Mbalula mentioned that the type of transportation infrastructure investment required for global competitiveness would only come through working with the private sector, which the Master Plan also acknowledged.

International Road Federation president Bill Halkias agreed, reiterating the need for partnerships, in fitting with this year’s SATC theme of “Sustainable Transportation Through Enabling Partnerships”.

The federation works with the World Bank on its Sustainable Mobility for All (SuM4All) programme, which has, since 2017, been bringing together organisations and companies to assist countries worldwide in their ambition to attain sustainable mobility.

For example, there has been a pilot SuM4All programme going on in South Africa, which Halkias said was due to be completed in November.

The SuM4All partners have done extensive work towards a draft diagnostic report of South Africa’s transport system. This exercise is identifying strengths and opportunities for improvement across all modes of transport.

Halkias said it was apparent that South Africa had made significant strides in reducing the transport access gap in rural areas, but urban transport was a different story, with diagnostics showing that South Africa needed to make a concerted effort at improving transport access in cities before it could catch up with comparable countries.

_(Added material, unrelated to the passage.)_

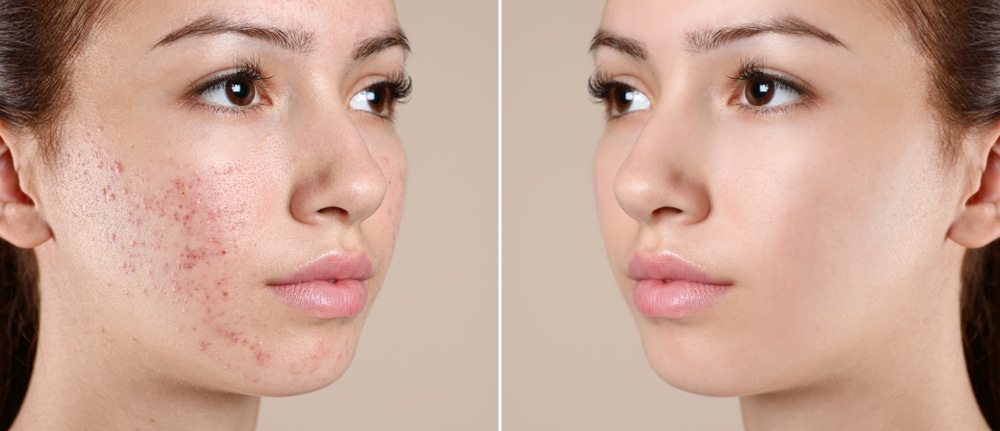 Woman with glowing skin after laser acne treatment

Since its inception, SuM4All has developed a vast body of knowledge, expertise and policy tools to support the transition toward safe, green, efficient and equitable mobility. Last year, South Africa announced it would become the first country to leverage SuM4All’s work to guide future transport policy and drive real change on the ground.

In particular, the country has piloted the use of the Global Roadmap of Action toward Sustainable Mobility to devise a tailored action plan for transport, and took advantage of SuM4All’s latest tool to diagnose mobility issues and benchmark the performance of its transport sector against relevant comparator countries.

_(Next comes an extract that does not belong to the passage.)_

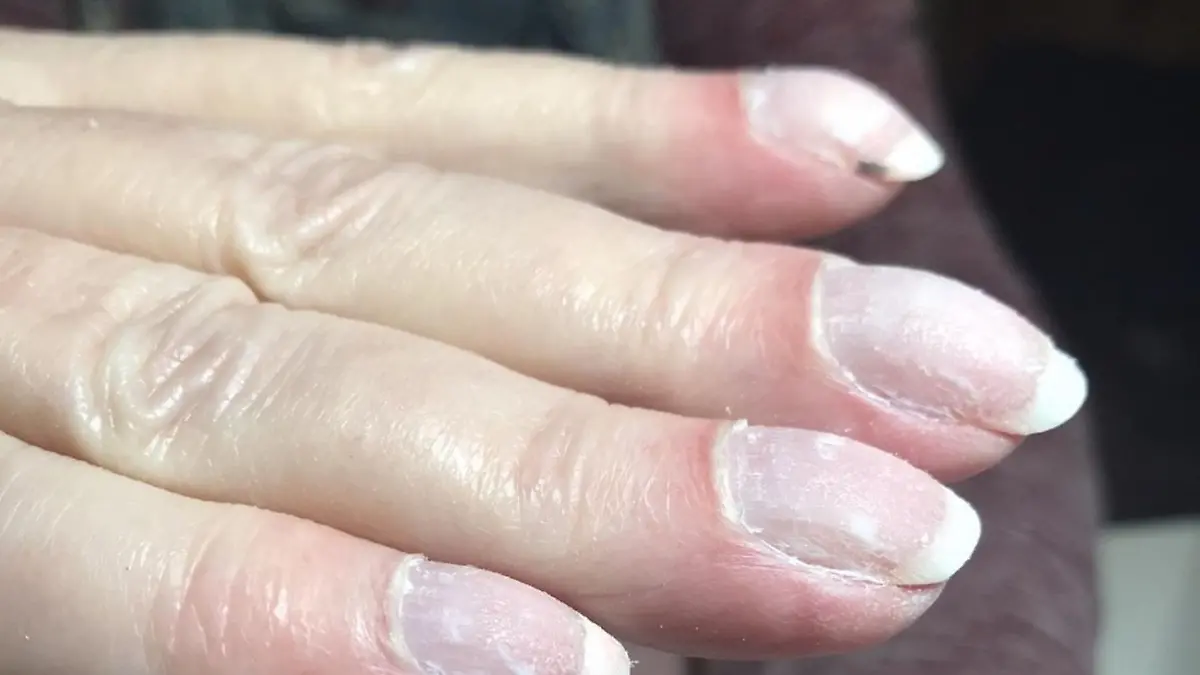 Fingernagel mit schwarzem Hautkrebs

Next, Sum4All’s partners will draw on the final diagnostic of South Africa’s mobility system to produce a prototype action plan consisting of priority policy measures that support the country’s transition towards sustainable mobility.

“Stakeholder engagement with national and local authorities to validate and refine the diagnostic and prototype action plan will ensure than this effort adds real value and transforms South Africa’s investment choices,” Halkias noted. 

Moreover, Mbalula said an integrated and multimodal transport system that remains efficient, economically viable, reliable and environmentally sustainable could best be realised through a regionalised policy of transport – with a coherent framework for institutions and strategies for implementation.

The Minister said that, on South Africa’s part, the country would continue enhancing the implementation of its own National Transport Master Plan, which seeks to coordinate transport plans across Southern Africa.

This is currently being driven through State-owned freight utility Transnet, which is based in South Africa but accounts for 30% of the African freight rail network, and 70% of the sub-Saharan Africa’s rail network in particular.

Mbalula bemoaned how Africa was losing market opportunities because of a lack of transport infrastructure investment.

Meanwhile, South Africa continues to implement its Green Transport Strategy, which involves the reduction of greenhouse-gas (GHG) emissions through shifting passengers from private transport to public transport and freight from road to rail.

Emissions from the transport sector account for 10.8% of the country’s total GHG emissions, with road transport being responsible for 91% of these emissions.